Nella notte tra giovedì 27 e venerdì 28 agosto da New York sarà visibile un’eclissi lunare parziale particolarmente profonda, tanto vicina alla totalità da lasciare illuminata direttamente dal Sole soltanto una piccola parte del disco lunare. Al momento massimo il 96,2 per cento della superficie visibile della Luna sarà dentro l’ombra più scura proiettata dalla Terra. Tecnicamente resterà quindi un’eclissi parziale, anche se a occhio nudo potrà assomigliare molto a una totale. La NASA la definisce una «deep partial eclipse» e calcola una copertura del 96,3 per cento, una piccola differenza dovuta ai metodi di calcolo.
Per chi si trova a New York l’intero fenomeno sarà visibile, a condizione naturalmente che il cielo sia abbastanza libero dalle nuvole. La prima fase comincerà alle 21:23 di giovedì, quando la Luna entrerà nella penombra terrestre: all’inizio il cambiamento sarà molto lieve e potrebbe essere difficile da distinguere. Alle 22:33 inizierà invece l’eclissi parziale vera e propria e sul disco lunare comparirà progressivamente il bordo scuro dell’ombra della Terra. Il massimo sarà raggiunto alle 00:12 di venerdì 28 agosto, con la Luna a circa 38 gradi sopra l’orizzonte, verso sud-sudest. La fase parziale terminerà alle 1:52, mentre l’ultima parte dell’eclissi penombrale finirà alle 3:01. In tutto, il fenomeno durerà poco meno di cinque ore e quaranta minuti.
La percentuale molto alta di copertura renderà questa eclissi diversa dalle parziali più comuni. Nel momento centrale resterà fuori dall’ombra soltanto una sottile porzione della Luna, molto più chiara del resto del disco. La parte oscurata potrà invece assumere tonalità rosse, arancioni o ramate. È lo stesso fenomeno che si osserva durante le cosiddette «lune di sangue», anche se questa volta non ci sarà una vera fase di totalità.
Il colore dipende dall’atmosfera terrestre. Quando la Terra si trova tra il Sole e la Luna, blocca quasi tutta la luce solare diretta, ma una piccola quantità riesce comunque ad attraversarne l’atmosfera e a raggiungere la superficie lunare. Le lunghezze d’onda più corte, soprattutto quelle blu e violette, vengono disperse più facilmente; quelle rosse e arancioni attraversano meglio l’atmosfera e vengono deviate verso la Luna. È sostanzialmente lo stesso processo che rende rossi o arancioni molti tramonti. L’intensità del colore non è sempre uguale e dipende anche dalla quantità di polvere, aerosol e nuvole presenti nell’atmosfera terrestre in quel momento.
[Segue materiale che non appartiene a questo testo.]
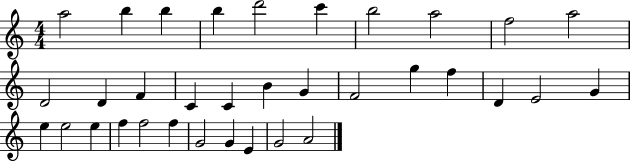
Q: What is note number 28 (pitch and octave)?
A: F5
Per osservare l’eclissi non serviranno occhiali protettivi, a differenza di quanto avviene con quelle solari. Si potrà guardare direttamente la Luna per tutta la durata dell’evento. Un binocolo o un piccolo telescopio potranno rendere più evidente il contrasto tra la parte immersa nell’ombra e la sottile zona che resterà illuminata dal Sole, ma non sono indispensabili. La Luna sarà inoltre abbastanza alta nel cielo durante la fase centrale, quindi dalla città servirà soprattutto trovare un punto con una visuale libera verso sud e, ovviamente, sperare nelle condizioni meteorologiche.
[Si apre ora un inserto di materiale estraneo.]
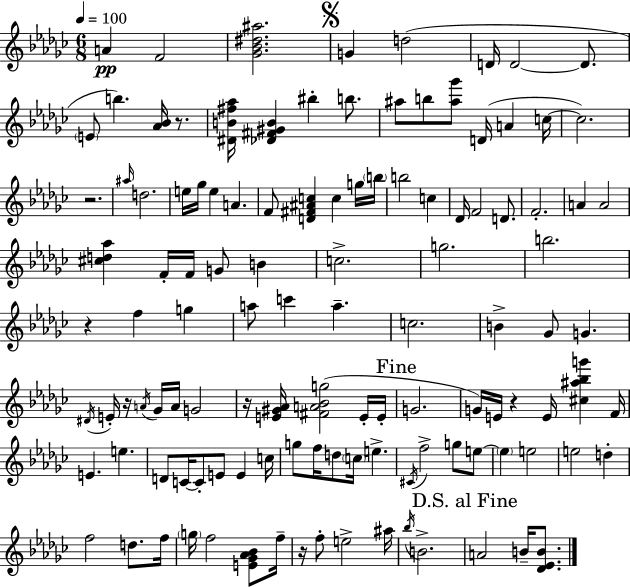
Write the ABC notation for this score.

X:1
T:Untitled
M:6/8
L:1/4
K:Ebm
A F2 [_G_B^d^a]2 G d2 D/4 D2 D/2 E/2 b [_A_B]/4 z/2 [^DB^f_a]/4 [_D^F^GB] ^b b/2 ^a/2 b/2 [^a_g']/2 D/4 A c/4 c2 z2 ^a/4 d2 e/4 _g/4 e A F/2 [D^F^Ac] c g/4 b/4 b2 c _D/4 F2 D/2 F2 A A2 [^cd_a] F/4 F/4 G/2 B c2 g2 b2 z f g a/2 c' a c2 B _G/2 G ^D/4 E/4 z/4 A/4 _G/4 A/4 G2 z/4 [E^G_A]/4 [^FA_Bg]2 E/4 E/4 G2 G/4 E/4 z E/4 [^c^a_bg'] F/4 E e D/2 C/4 C/2 E/2 E c/4 g/2 f/4 d/2 c/4 e ^C/4 f2 g/2 e/2 e e2 e2 d f2 d/2 f/4 g/4 f2 [E_G_A_B]/2 f/4 z/4 f/2 e2 ^a/4 _b/4 B2 A2 B/4 [_D_EB]/2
L’eclissi del 28 agosto arriva poco più di due settimane dopo quella solare del 12 agosto. Quell’eclissi era stata totale in alcune zone della Groenlandia, dell’Islanda, della Spagna e del Nord Atlantico, mentre da New York era stata visibile soltanto come eclissi parziale, con il massimo intorno alle 13:54. L’eclissi lunare di questa settimana sarà quindi il fenomeno astronomico più evidente dei due per chi si trova in città. Nei prossimi anni da New York saranno visibili altre eclissi lunari, comprese due penombrali nel 2027 e una parziale nel gennaio del 2028; per vedere dalla città una nuova eclissi lunare totale bisognerà invece aspettare la notte tra il 25 e il 26 giugno 2029, quando la totalità durerà circa un’ora e quarantadue minuti.